Feature Design FIFA Communication Design
[ 2010.6.24 up ]

進化するビジュアル・アイデンティティ

2010年6月、FIFAワールドカップ南アフリカ大会のキックオフ。ソニーは、オフィシャルFIFAパートナーとして、世界各地でサッカーファンとコミュニケーションを図ってきました。今回は、その活動をインハウスデザイナーという立場から支えるチームにスポットをあてます。

山口 幸紀
山口 幸紀
ソニー(株)
クリエイティブセンター
統括課長
福原 寛重
福原 寛重
ソニークリエイティブワークス(株)
プロデューサー
金井 愛子
金井 愛子
ソニークリエイティブワークス(株)
角田 拓一
角田 拓一
ソニー(株)
クリエイティブセンター
デザイナー
石田 大介
石田 大介
ソニークリエイティブワークス(株)
デザイナー

効果的なプロモーションのために

山口:ソニーがFIFAとオフィシャルパートナーシッププログラムの契約を結んだのは、2005年のこと。これによりソニーは、2007年から2014年までの8年間、2回のFIFAワールドカップを含む40以上の大会において、ブランディング活動やマーケティング活動を展開できることになりました。これほどグローバルに、かつ長期間にわたってメッセージを発信できる機会は、めったに得られるものではありません。
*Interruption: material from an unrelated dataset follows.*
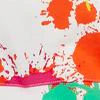 Paint-Splatter French Terry Hoodie Dress - Image 5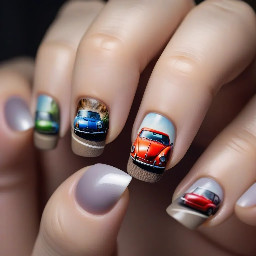 car theme nails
タッチポイントも多彩です。スタジアムのピッチ周りの広告ボード。テレビ中継などのオープニングやカットインに用いられるモーションロゴである“ブレイクバンパー”。さらに、スタジアムの外にも、サッカーファンに直接プロモーションを行えるスペースなどが確保されます。

しかし、いかにタッチポイントが多くても、ソニーロゴを大量に露出するだけでは、サッカーファンにリーチするのは難しいでしょう。テレビでスポーツを観戦するとき、誰も「これはソニーの業務用カメラで撮っている」とは考えたりしないもの。一般の人にとって、ソニーの技術や製品とスポーツは、接点が見えにくいのです。これでは「ソニーの声はサッカーファンの耳に届きにくい」のと同じこと。効果的なプロモーションは望めません。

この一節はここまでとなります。